In the following example, my goal is to show years in which consecutive numbers in df transposed to df_new are lower than threshold of -1.2 in 5 consecutive instances. I want to then return corresponding unique values from column df_new$year as result. My problem linking rle() function result is that the length does not correspond to df_new$year length and thus I can't index it properly. The issue with rle() function is that it does not return zero's and thus it returns only runs of at least 1 value below the threshold in k. How can I improve this bit of code to achieve what I need? Is there a way to force rle() to include zero's in k or shall I go with another approach?
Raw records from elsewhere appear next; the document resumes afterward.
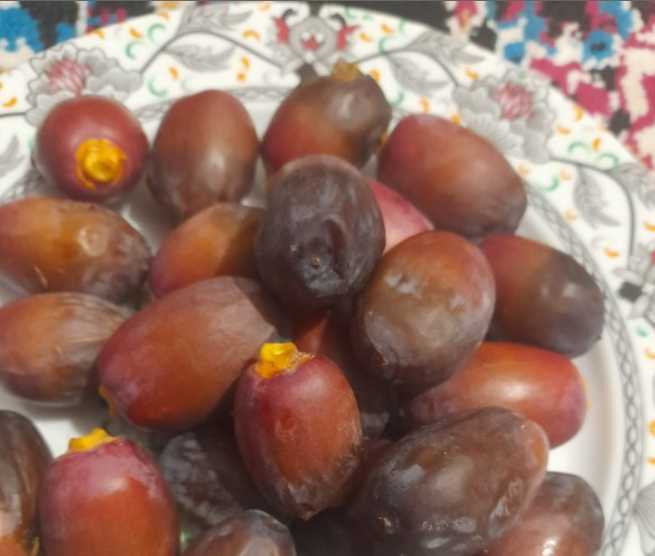 فروش خرما
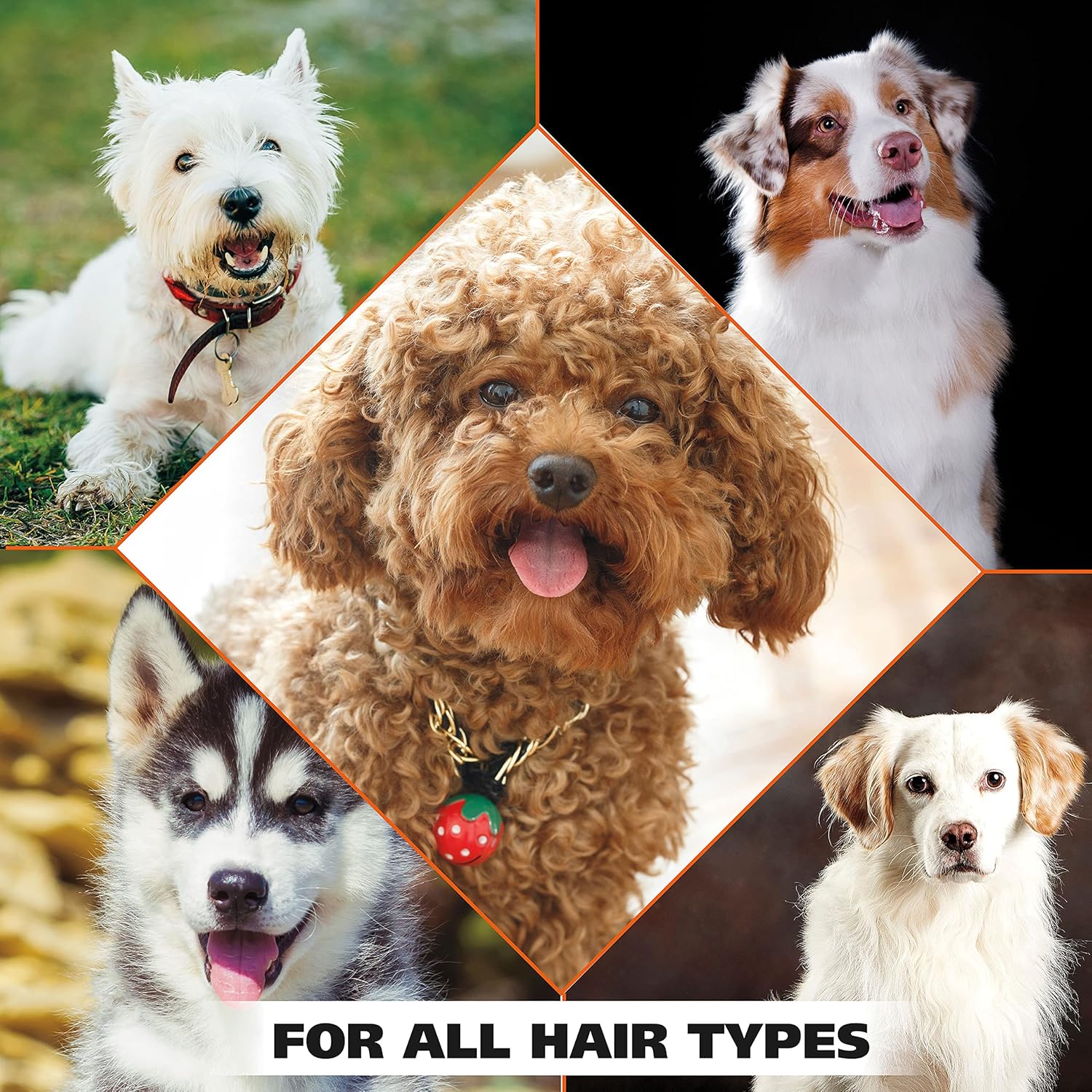 Wahl USA 4-in-1 Calming Pet Shampoo for Dogs with a Lavender Chamomile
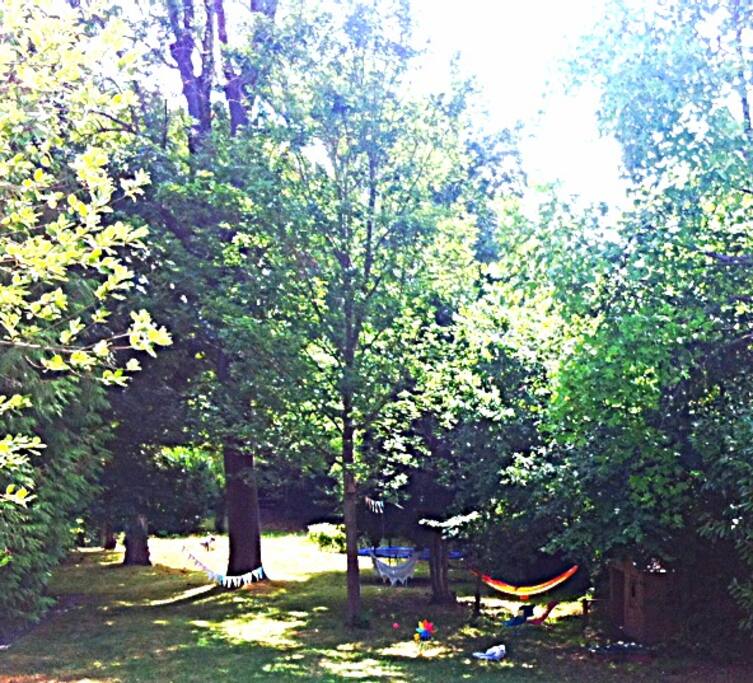 Une partie du jardin arboré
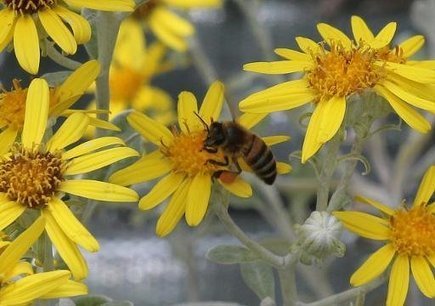 Les pesticides ont des effets néfastes pas seulement sur les abeilles | Toxique, soyons vigilant ! | Scoop.it
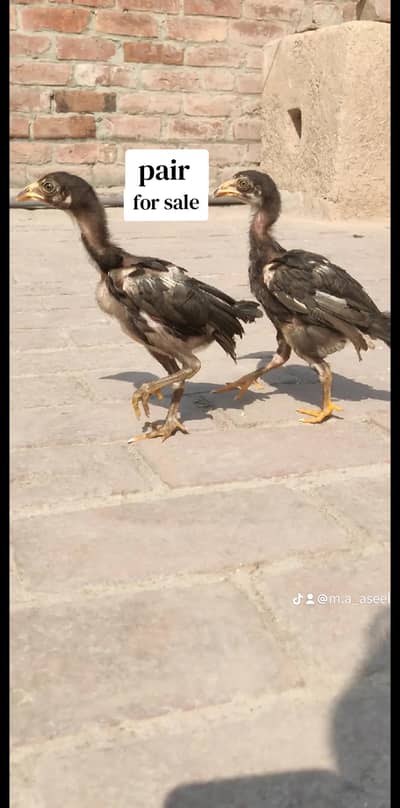 Aseel chicks pair for sale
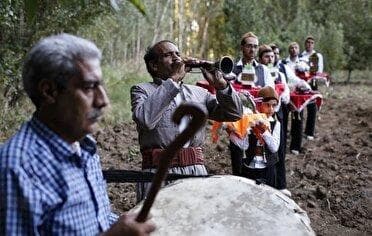 برگزاری هفتمین جشنواره سیر و موسیر همدان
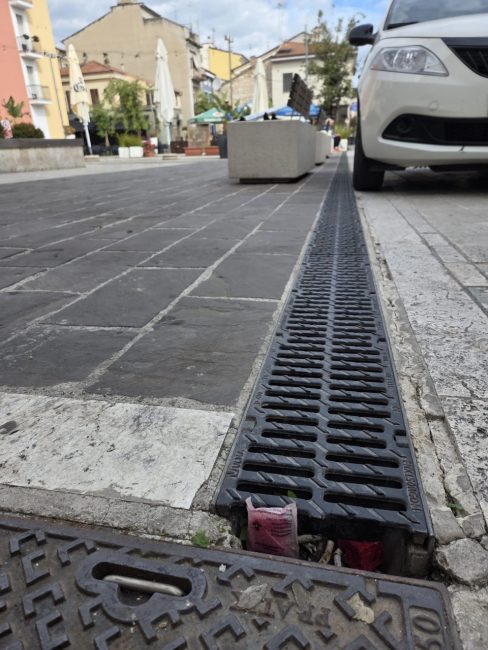 derattizzazione (2)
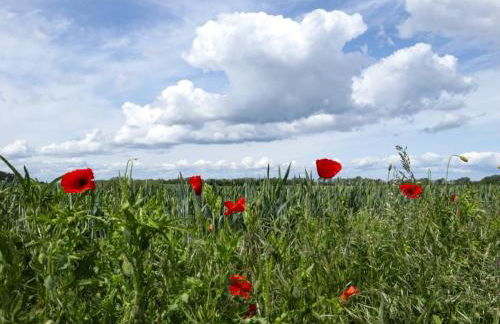Ostseehaus Ulrich - Foto 38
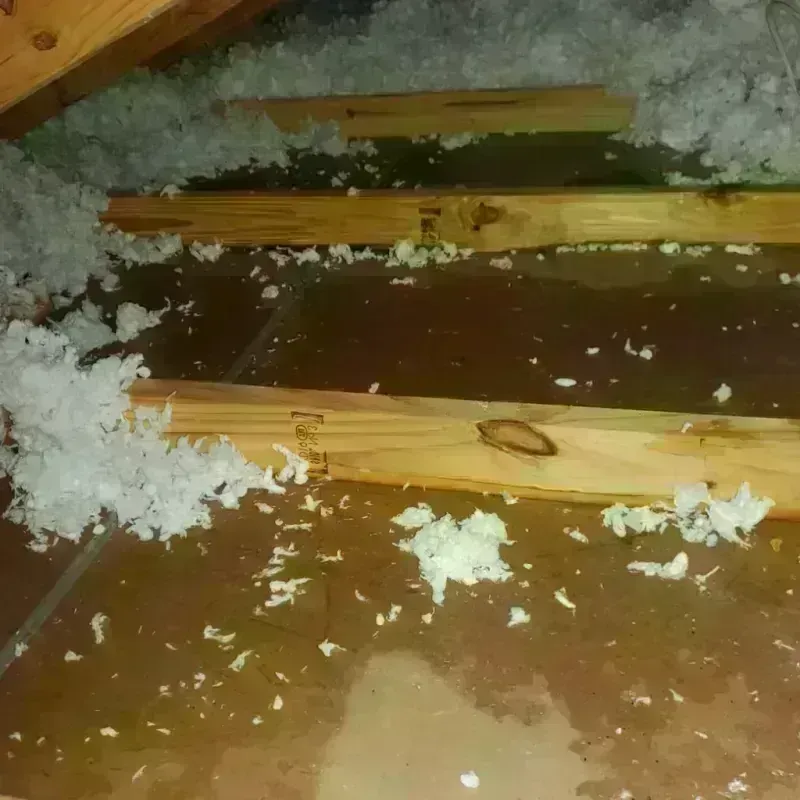 Attic Water Damage in La Blanca, TX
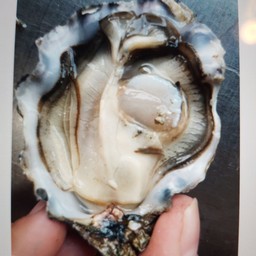 Ostra Regal Oyster Super Special  No.3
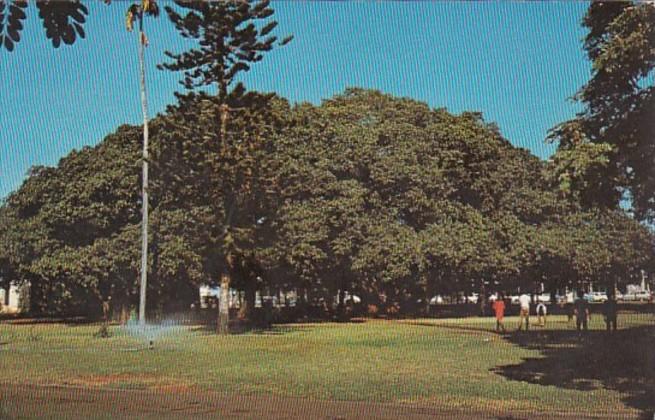 Hawaii Maui Lahaina The Famous Banyan Tree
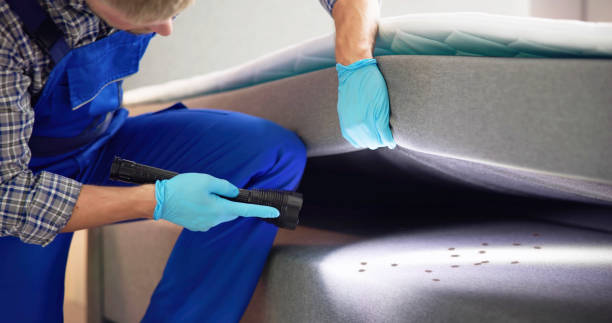 Best Ant Control Services  in Scotland Neck, NC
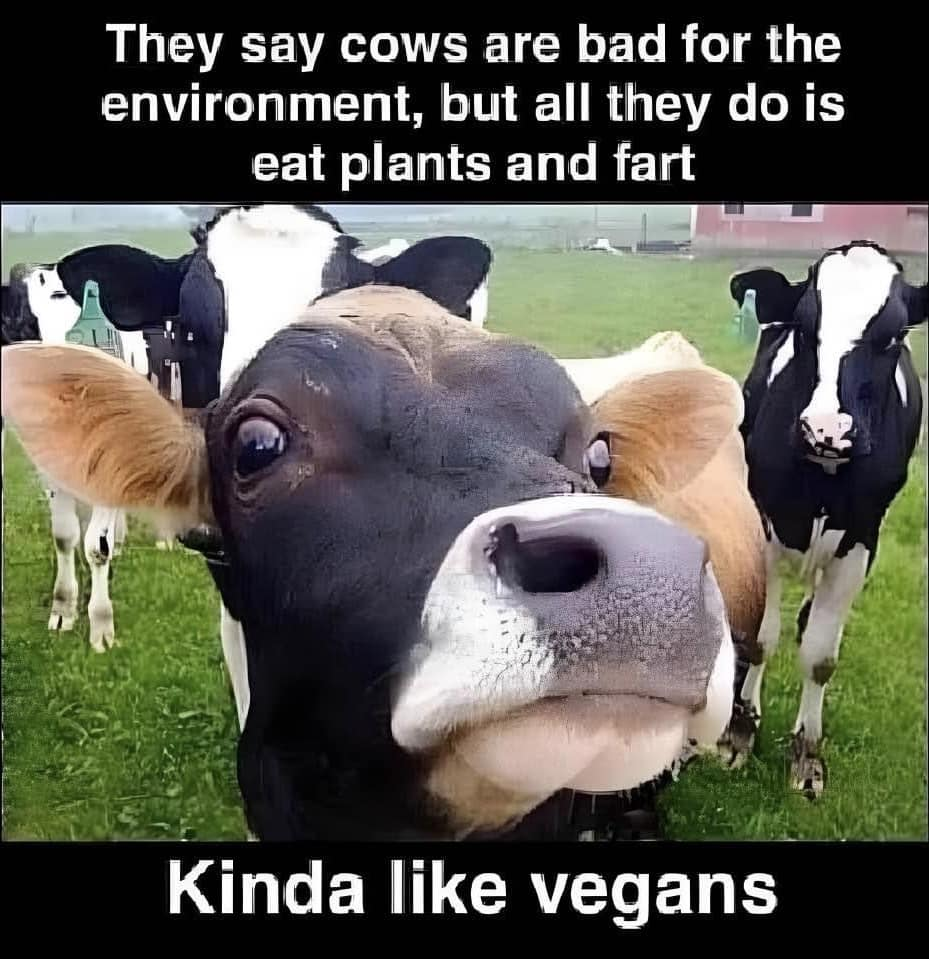 1757319833275.png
# Example reproducible df:
set.seed(125)
df <- data.frame(V1=rnorm(10,-1.5,.5),
V2=rnorm(10,-1.5,.5),
V3=rnorm(10,-1.5,.5),
V4=rnorm(10,-1.5,.5),
V5=rnorm(10,-1.5,.5),
V6=rnorm(10,-1.5,.5),
V7=rnorm(10,-1.5,.5),
V8=rnorm(10,-1.5,.5),
V9=rnorm(10,-1.5,.5),
V10=rnorm(10,-1.5,.5))
library(data.table)
df_t <- t(df)
df_long <- melt(df_t)
df_long$year <- rep(1976:1985, each=nrow(df))
df_new <- data.frame(value=df_long$value,year=df_long$year)
# Threshold values:
threshold = -1.2
consecutiveentries = 5
number <- consecutiveentries-1
# Start of the problem:
k <- rle(df_new$value < threshold)
years <- unique(df_new$year[k$lengths > number])
Current result:
> years
[1] 1976 1978 1979 1980 1982 1984 1985
What I would like it to be:
> years
[1] 1976 1980 1983 1985
This is ugly but it works :)
df_new$year[cumsum(k$lengths)[which(k$lengths >= 5)-1]+1]
Each part:
idx <- which(k$lengths >= 5)-1 gives you the indices of k$lengths right before a value is higher or equal to 4.
With cumsum(k$lengths) we then build the cumulated sum over k$lengths and take the elements at idx. As a result we have the number of rows that occur before the first row that is part of a >=5 sequence.
Adding 1 to this result gives us the indices of the rows where each sequence begins.